Conexão Irlanda: Raízes

Nesta edição da coluna, Camila Natalo fala sobre a importância da batata para a história e cultura dos irlandeses

Por: Camila Natalo - De Dublin  -  13/02/19  -  20:56

É quase impossível falar da Irlanda sem falar de batata. O vegetal faz parte do dia a dia irlandês desde a segunda metade do século XVI e, embora as condições climáticas da ilha não favoreçam muito a agricultura, ele se adaptou bem no solo local, sendo fácil de se estocar e ser consumido durante o inverno.
Sem a iguaria em solos irlandeses não existiriam pratos como Coddle (uma espécie de ensopado com sobras e, claro, batatas!), Colcannon (um purê de batatas com couve), Boxty (uma panqueca de batatas) e até mesmo os chips de batatinhas com sabor. O proprietário da Tayto, uma empresa de chips irlandesa, foi responsável por produzir as primeiras batatinhas do mundo com sabor, sendo elas de queijo e cebola e vinagre e sal. A marca, aliás, é tão famosa por aqui que é tema de um parque de diversões, com a maior montanha russa da Europa.

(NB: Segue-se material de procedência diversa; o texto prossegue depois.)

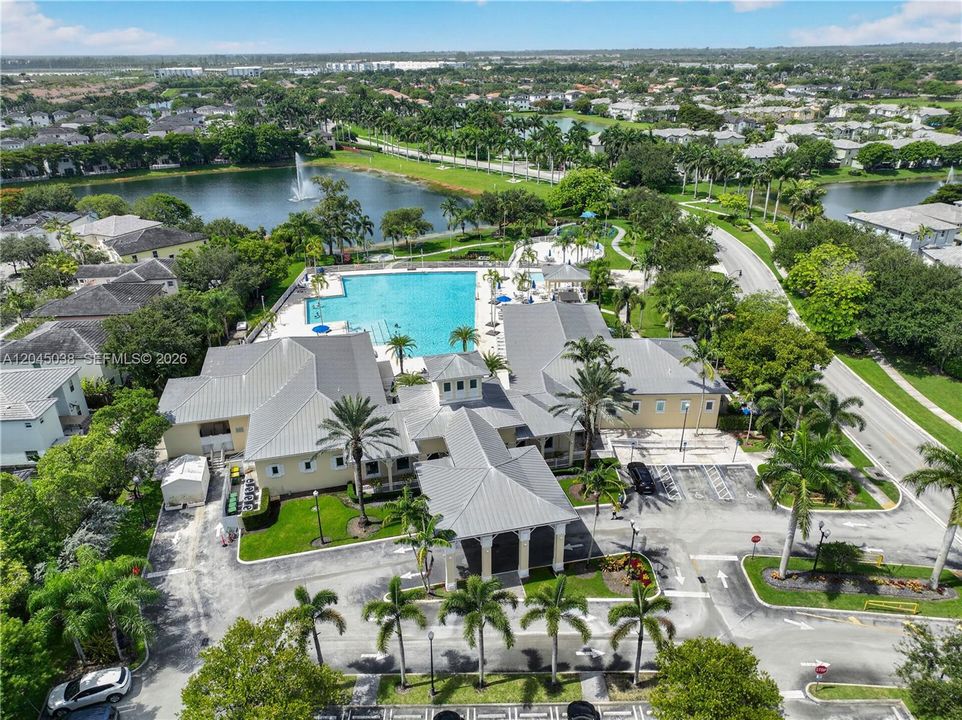 Active With Contract: $575,000 (5 beds, 3 baths, 3276 Square Feet)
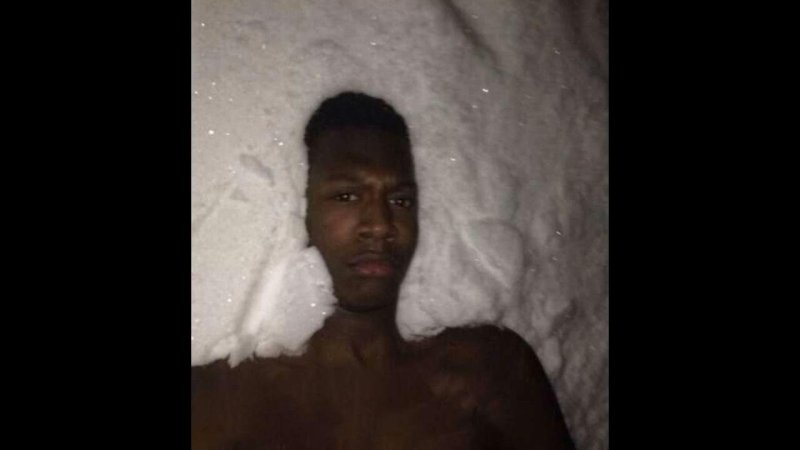 Негр в снегу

Pode até parecer estranho, mas os sanduíches (com baguetes ou pães de forma) recheados de batata, sejam elas cozidas ou chips, são um dos maiores símbolos de hábitos irlandeses. Por essas e outras, não é à toa que, segundo uma pesquisa de 2018 feita pelo Departamento de Turismo local, a maioria dos turistas vê a Irlanda como a terra da “cerveja e batatas”.

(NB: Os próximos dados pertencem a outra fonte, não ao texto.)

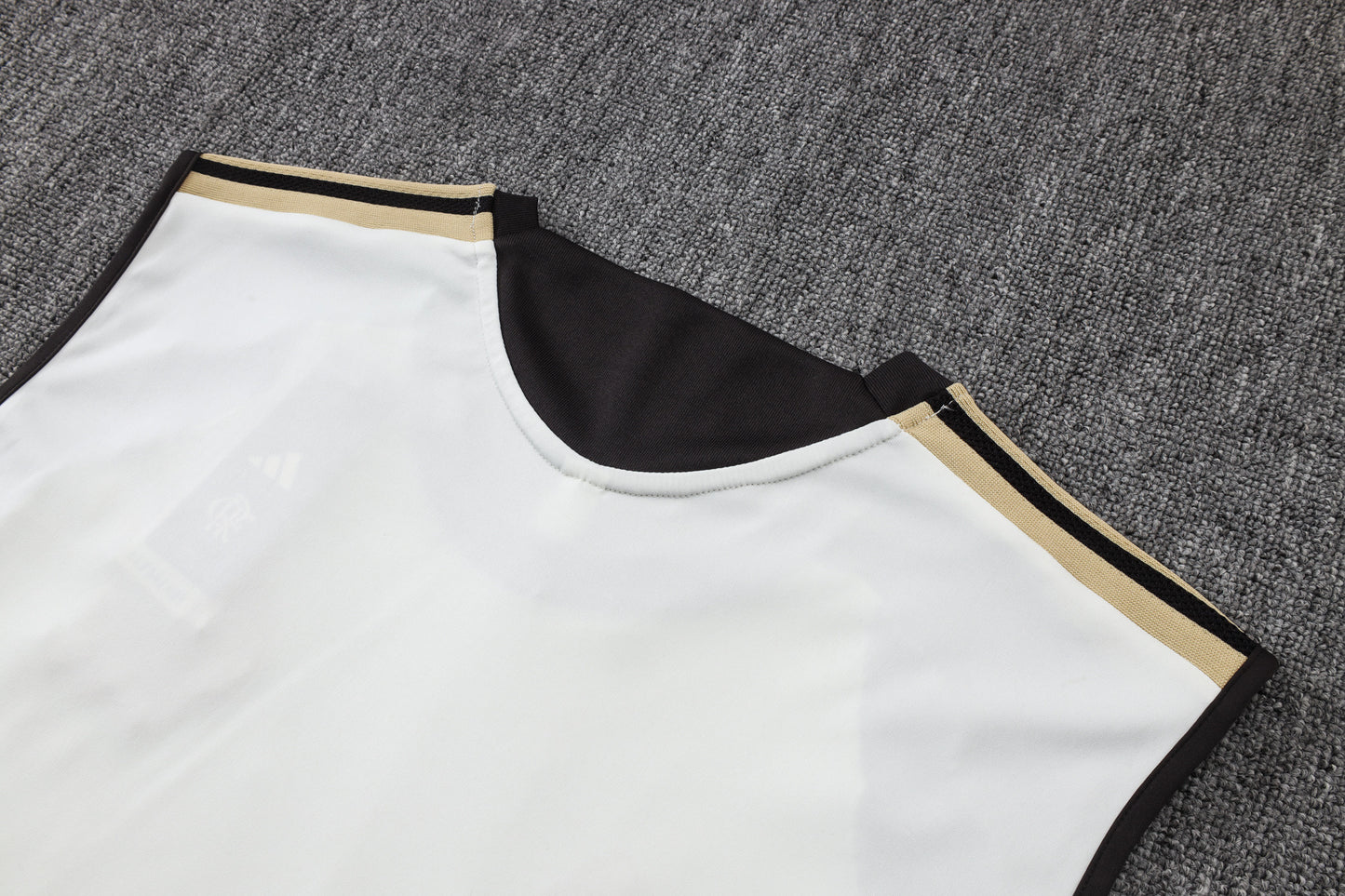 Flamengo Sleeveless Training Kit - White/Black/Gold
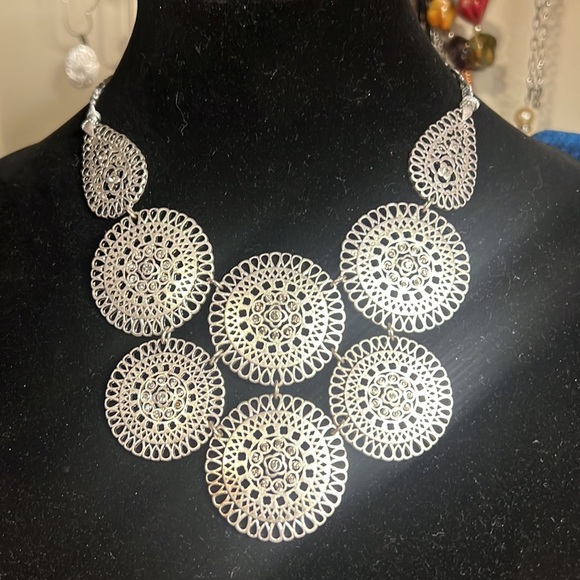 Lot Of Goodies - Picture 6 of 12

O tubérculo deixou marcas na história do país, sejam elas boas ou ruins. Quando a planta chegou por aqui, por exemplo, havia menos de 1 milhão de pessoas vivendo na Ilha Esmeralda. O alimento foi responsável por um crescimento exponencial durante os séculos XVIII e XIX. E, mais ou menos em 1840, a população havia explodido para mais de 8 milhões, ainda que a maioria fosse muito pobre.

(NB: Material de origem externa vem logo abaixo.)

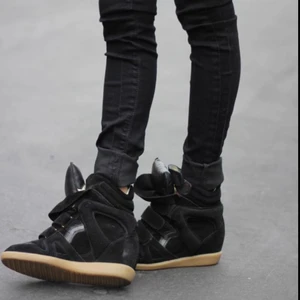 Isabel Marant skor - Säljer dessa sjukt snygga Isabel Marant skorna som är perfekt för sommaren! De är helt oanvända och i storlek 39, nypris 4700kr. Skriv vid intresse eller för fler bilder!!💕💕💞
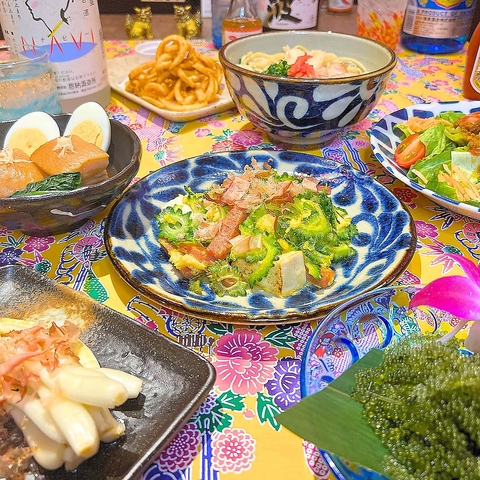 味自慢の沖縄郷土料理＆創作料理を沢山ご用意しております！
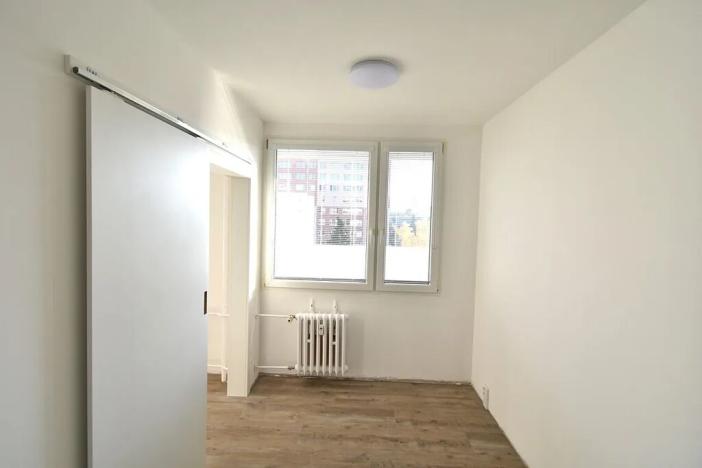 Pronájem bytu 2+kk, Praha - Krč, Bernolákova, 41 m2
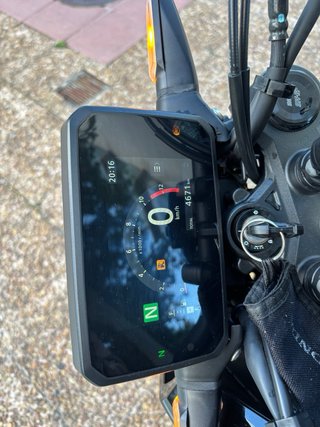 Honda CB125R 2025 Negra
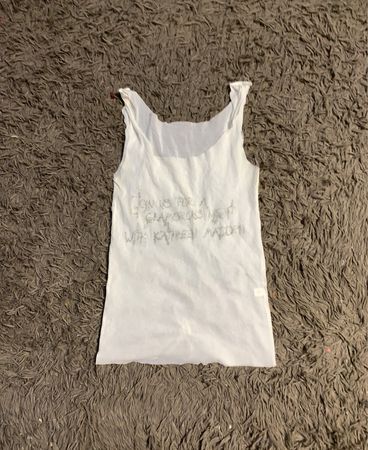 Weißes Tanktop mit Glitzertext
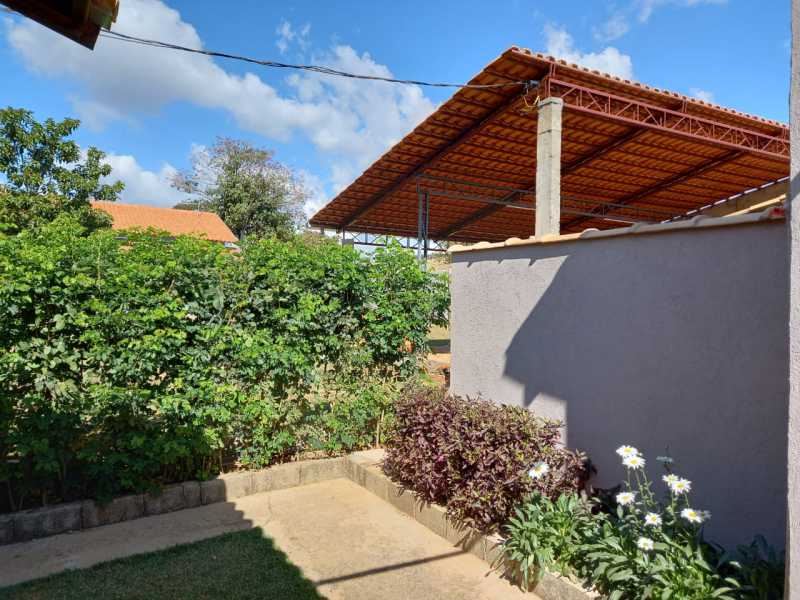 Chácara à venda com 2 quartos, 300m² - Foto 9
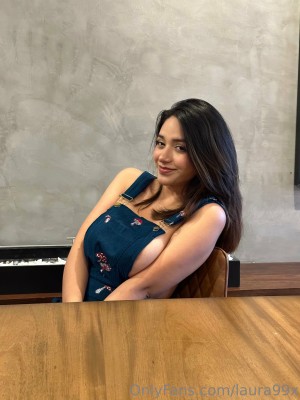 Soylaura33 Photo #45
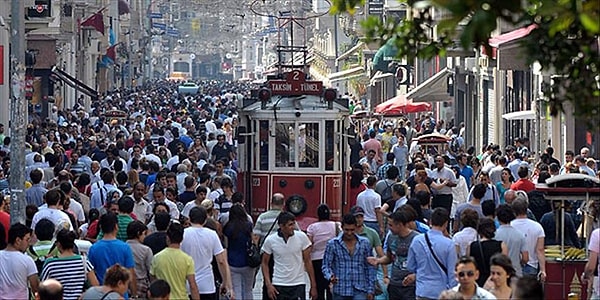 “Siyasi etkinliklerden, mitinglerden ve genel olarak büyük kalabalıklardan uzak durmanız önerilir.”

E o que hoje é questão não só de cultura, mas também de gosto, nesta época foi pura falta de escolha. Em 1800, cerca de um terço da população irlandesa dependia exclusivamente da batata. Nessa época, uma criança abaixo de 11 anos chegava a comer até 2,2 kg, uma mulher adulta comia até 5,1 kg e um homem adulto até 6,4 kg.
O ápice do problema foi que, em 1844, uma praga assolou as plantações de batata pela Europa, causando uma tragédia na ilha, já que os irlandeses eram totalmente dependentes da iguaria. Um dos motivos para a praga causar tal fatalidade, somente na Irlanda, deve-se principalmente à situação política da época e ao intervencionismo inglês.
Foi por isso que o período de 1845 a 1849-1852 ficou conhecido como “A Grande Fome”, sendo marcado pela praga nas colheitas, fome, doenças e emigração, além de ser a maior catástrofe demográfica a atingir a Europa entre a Guerra dos Trinta Anos e a Primeira Guerra Mundial.  A população foi reduzida entre 20 e 25%, sendo que cerca de um milhão de pessoas morreram por falta de alimento e doenças e outros milhões se viram forçados a emigrar, principalmente para os Estados Unidos e Canadá. 
A tragédia é recordada em vários memoriais por toda a Irlanda. Em Dublin, estátuas de pessoas franzinas, do artista Rowan Gillespie, representam aqueles que tentaram fugir da fome. Em Cohb (conhecida até 1920 como Queenstown), no condado de Cork, o Queenstown Story preserva a memória dos dois milhões e meio de irlandeses que deixaram o país naquele porto entre 1848 e 1850. Cohb, inclusive, foi a última cidade onde o Titanic atracou, antes de seu trágico naufrágio.
Ainda que mais de um século tenha se passado desde tal fatalidade, dois aspectos dessa história permanecem muito ligados à cultura irlandesa. Um deles é o empenho dos irlandeses, famosos ou não, no combate à fome a nível internacional. Em 1985, o irlandês Bob Geldof, líder do grupo de punk rock Boomtown Rats e fundador do Live Aid (concerto de rock que tinha como objetivo arrecadar fundos em prol dos famintos na Etiópia) revelou que os irlandeses foram o povo que mais contribuiu para a recolha de fundos da campanha, com o maior valor per capita do que o de qualquer outro país. Sem contar que diversas ONGs daqui também desempenham um papel central no combate à fome na África. O outro ponto já está bem claro desde o início do texto: apesar das cicatrizes, a batata nunca sairá da culinária e dos corações irlandeses.